Colleagues of mine in the practice of psychotherapy will concur that overcoming hatred and vengefulness is one of the most difficult challenges that they face. Reconciling parents and children, husbands and wives, is a frustrating process. The successful repair of ruined relationships is a rare achievement, especially after misunderstandings have festered for years.

The great eighteenth-century moralist, Rabbi Moshe Chaim Luzzato, contends that these difficulties are intrinsic to human nature. Thus he writes:

 “Hatred and revenge. These, the human heart, in its perversity, finds it hard to escape. A man is very sensitive to disgrace, and suffers keenly when subjected to it. Revenge is sweeter to him than honey; he can not rest until he has taken his revenge. If, therefore, he has the power to relinquish that to which his nature impels him; if he can forgive; if he will forbear hating anyone who provokes him to hatred; if he will neither exact vengeance when he has the opportunity to do so, nor bear a grudge against anyone; if he can forget and obliterate from his mind a wrong done to him as though it had never been committed; then he is, indeed, strong and mighty. So to act may be a small matter to angels, who have no evil traits, but not to ‘those that dwell in houses of clay, whose foundation is in the dust’ (Iyov 4:19)” (Mesilat Yesharim, Chapter 11).

To overcome the natural human inclinations to hate and take revenge, one must approximate the angels in heaven. How, then, do we explain the astounding reconciliation between Yosef and his brothers, which occurs in this week’s Torah portion, Vayigash?

Yosef’s brothers came to hate him because of what they saw as his malicious arrogance. Yosef certainly had reason to hate his brothers, who cast him into a pit of snakes and scorpions. We can understand that he would attribute his years of imprisonment to their betrayal.

And yet, last week, we learned that they regretted their actions and felt guilty for them. This week, we learn of Yosef’s forgiveness and a dramatic reconciliation — a total triumph over hatred and revenge. What inner strength enabled them to this rare achievement?

I maintain that there were quite a few. One was the brothers’ ability to accept responsibility for their actions. Over time, they reflected and concluded that they were wrong for what they had done. Self-confrontation, and a commitment to accepting truth allowed them to forget whatever originally prompted them to hate Yosef.

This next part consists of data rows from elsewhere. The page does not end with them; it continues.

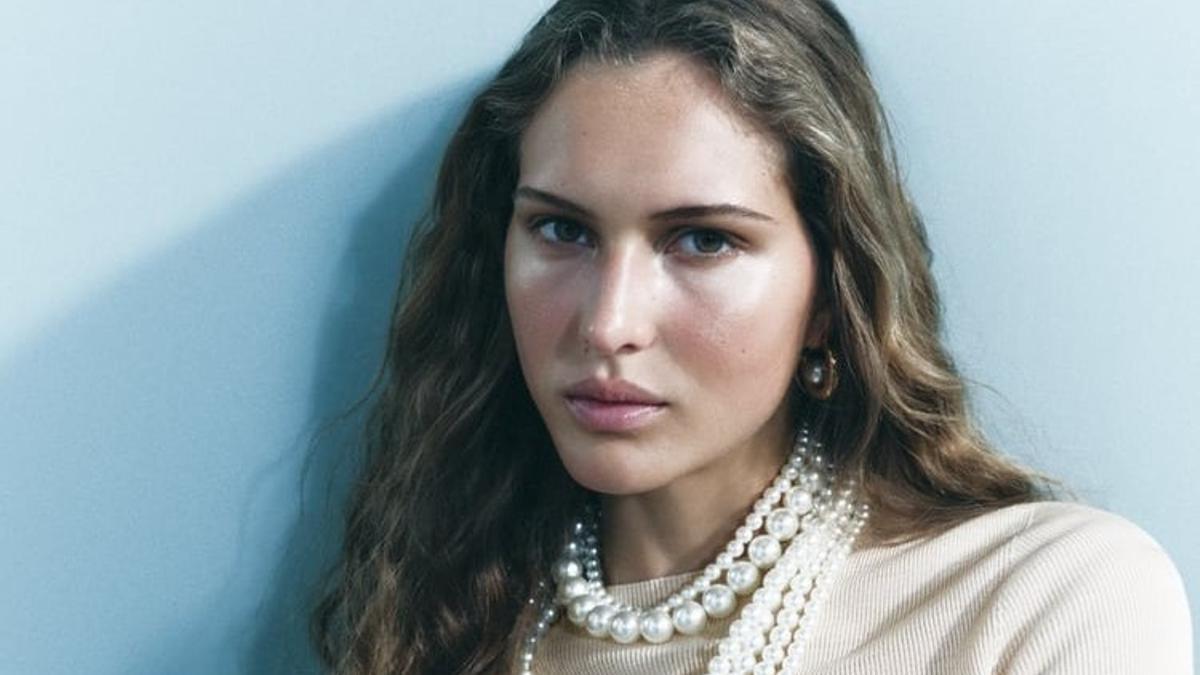 Por qué el collar de perlas de Zara es el accesorio más clásico y femenino de la primavera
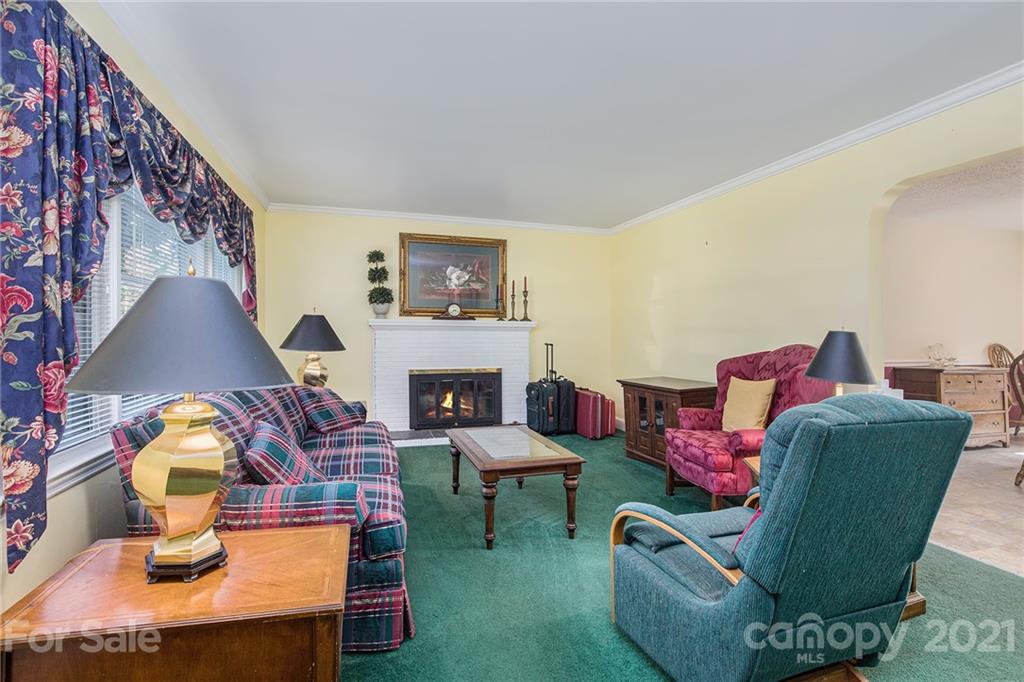 2719 Tallu Road Charlotte, NC 28269 - Photo 4 of 28 Gallery Image 4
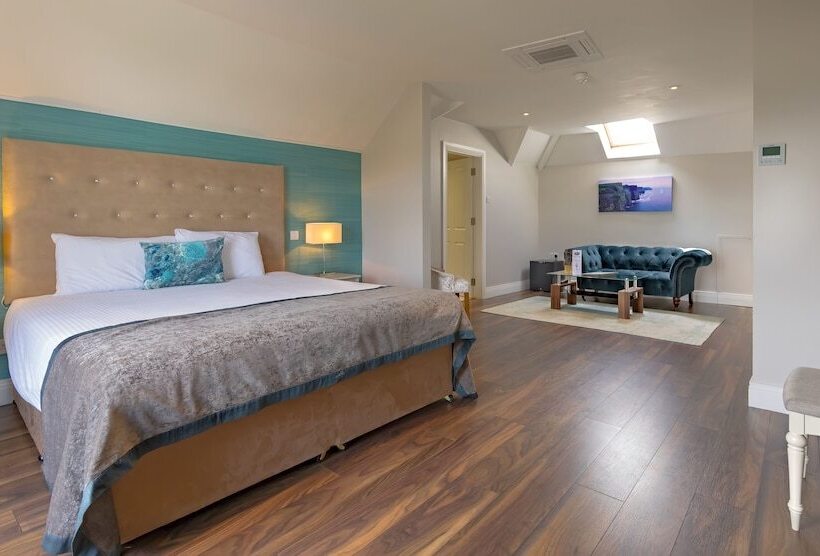 Отель Brook Lodge Boutique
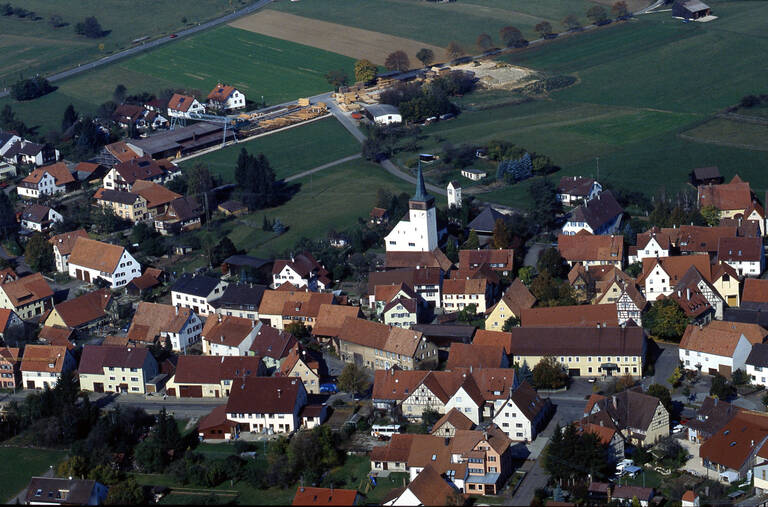 Historische Luftbildaufnahme von Hohenstein-Bernloch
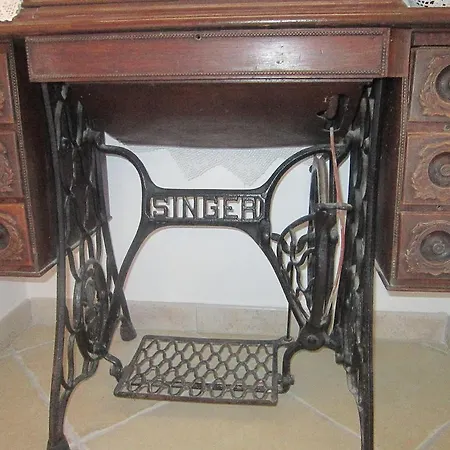 Apollo Bed & Breakfast 4*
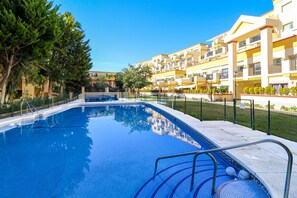 Pool - Romana Playa  - fantastic sea views (Marbella)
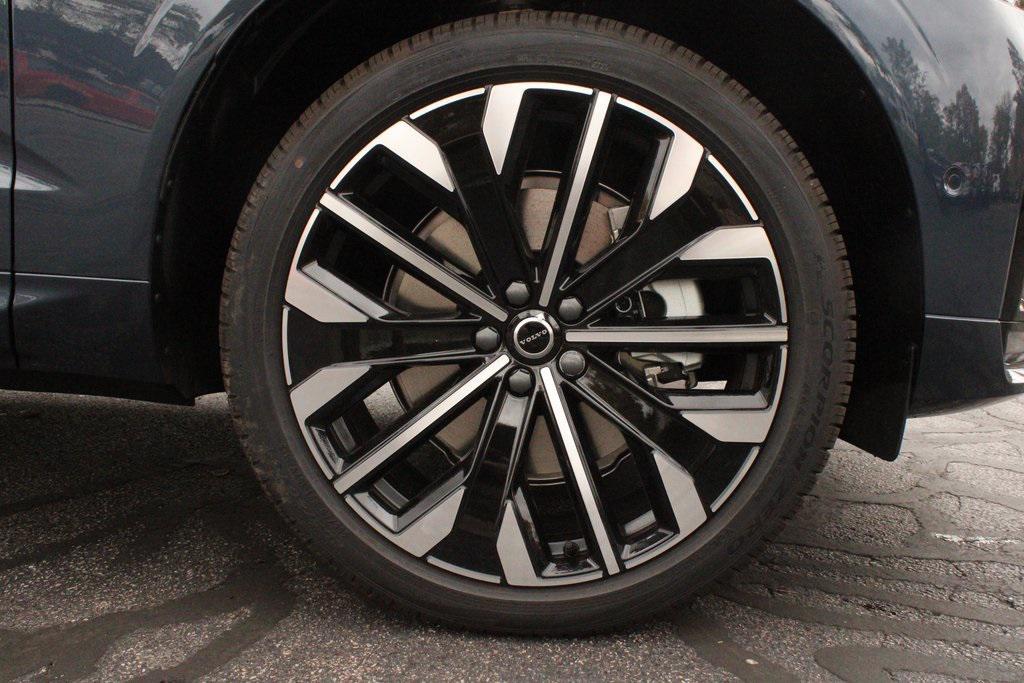 new 2026 Volvo XC60 car, priced at $70,745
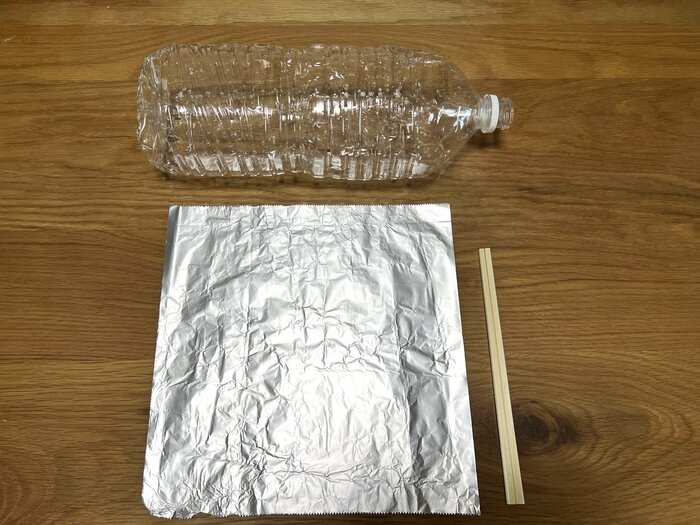 必要なのはアルミホイルと箸だけ（特集班撮影）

The dynamics of Yosef’s ability to forgive were different. He came to forgive his brothers because of two fundamental aspects of his personality: his emotional sensitivity and his religious ideology.

Yosef’s sensitivity becomes apparent to the careful reader. The most reliable indication of a person’s sensitivity is his ability to shed tears of emotion. Yosef demonstrates this capacity no less than four times in the course of the story: when he first meets his brothers, “he turned away and wept,” when he first sees Binyamin, he leaves the room to cry, after Yehuda’s confrontational address he is unable to contain himself, and in response to his brothers’ plea for explicit forgiveness: “he was in tears as they spoke to him.”

But there is another secret to Yosef’s nobility. It relates to his philosophy, not to his emotional reactivity.

If there is one lesson that Yosef learned from Yaakov during his disrupted adolescence, it was the belief in a divine being who ultimately controls man’s circumstances and destiny. When a person has that belief, he can dismiss even the most painful insults against him. He is able to attribute them to G-d’s plan.

Thus was Yosef able to say, “It was not you who sent me here, but G-d.”